Las cejas de Rey se fruncieron mientras miraba a Esme, claramente confundido por lo que ella preguntaba.
—¿Qué es eso?
¿Una Habilidad que causa Glitches?
Quizás ella quería decir que el nombre de la Habilidad era Glitch.
La respuesta era obviamente no.
—¡No!
Es como, la Habilidad misma está fallando.
Algo como mostrar letras, números o símbolos al azar —respondió ella—.
¿Tenía algo así?
—¿Eh…?
—Rey no sabía de qué estaba hablando Esme.
Esta era la primera vez que oía hablar de Habilidades así.
¿Existían siquiera tales Habilidades en H’Trae?
—Entonces no lo viste, ¿eh?
Eso es extraño…
incluso pareces confundido con lo que estoy diciendo.
La respuesta de Esme solo sumergió a Rey en más confusión.
—Espera.
¿Qué estás dicien?
—Quiero decir, pensé que al menos sabrías de ella, incluso si no conocías su existencia… ¿verdad?
—murmuró ella, más para sí misma, ahora caminando de un lado a otro por la habitación.
—No entiendo…
—Yo solo he visto el glitch una vez también.
Y lo usé como explicación para todas esas cosas que hiciste, teniendo poderes tan increíbles a pesar de no tener demasiadas Habilidades en tu Ventana de Estado.
En este punto, Rey se impacientó y agarró a Esme por ambas manos, deteniendo su caminar.
—¿Qué estás diciendo exactamente aquí?
—La miró dentro de sus ojos, deteniéndose para mirar la expresión de confusión en su rostro.
—Tienes una Habilidad de Glitch, Rey.
Así que pensé que si el Dragón Esquelético también tenía una, explicaría por qué podía resistir tu poder.
—¿Eh?
¿De verdad?
Esto era una novedad para Rey.
Había comprobado su Ventana de Estado más veces de las que podía recordar, pero no había visto señales de una Habilidad de Glitch.
—¡Sí!
Es!
—¡GAAAAAAAAAAAAAAAAAAAAAAHHHHHHHHHHHHHHHHHHHHH!
De repente, Rey gritó, su cuerpo temblando violentamente mientras se alejaba varios pasos de Esme.
Su cuerpo se sentía como si estuviera en llamas, y su cerebro como si fuera a explotar en cualquier momento.
Esta repentina sensación abrumaba sus sentidos.

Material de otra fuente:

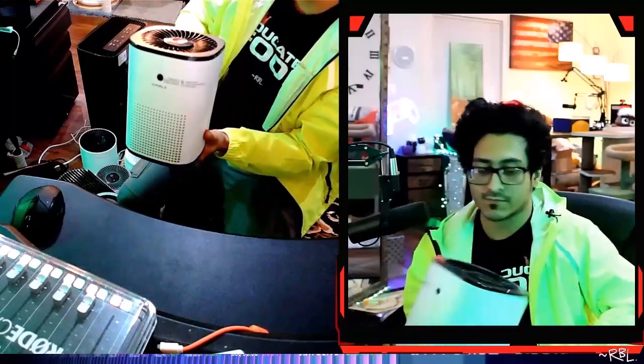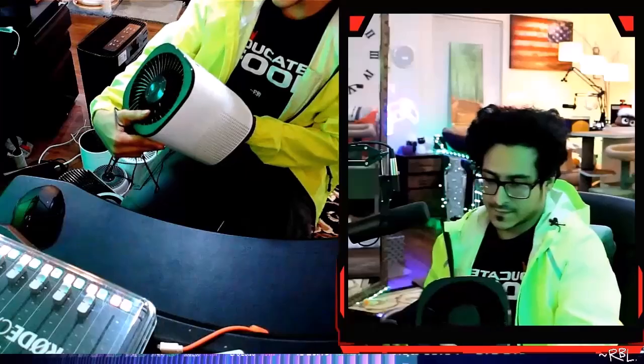Look at this cuteness — it comes in a pack of two. I haven't used the other one because I just have a lot anyways. This is what it looks like; it's extremely cute.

Lo consumía de adentro hacia afuera, provocando que su cuerpo entero temblara inmensamente.
—¡Uwaaaaaaaahhhhhhhhh!
¡Guaghhhhhhhh!
Como si su cuerpo se estuviera partiendo en dos, podía sentir cada ligamento de su cuerpo tensionándose, y cada parte de sus sentidos chamuscándose.
Se sentía como la muerte más atroz de todas: ser destruido, y aún así estar perfectamente bien.
Verdaderamente sentía como si estuviera muriendo.
Pero no…
esto era un destino peor.
La abrumadora sensación, cruda y penetrante, parecía perpetua en su aflicción.
Además, Rey ni siquiera sabía la causa de su sufrimiento.
Hasta que
[Advertencia del sistema]
{¡Tu duplicado ha sido destruido!}
~Las estadísticas y niveles asignados a dicho duplicado se deducirán y se perderán permanentemente~
~Debido a tu conexión remanente con el duplicado, experimentarás esta muerte, pero no morirás verdaderamente~
~Todas las funciones caerán permanentemente en un 50 Por Ciento~
{El proceso de recuperación comenzará lo antes posible}
—¿Qu-qu…?
El rostro de Rey, pálido y sin vida, apenas podía moverse mientras veía lo que el sistema mostraba ante él.
Su mente cansada y agonizante apenas podía procesar los detalles.
—…¡Ey!
—…
¡Re…!
—…
¡Rey…!
Mientras escuchaba el grito de Esme, se sentía como si ella estuviera lejana, demasiado lejos para alcanzar.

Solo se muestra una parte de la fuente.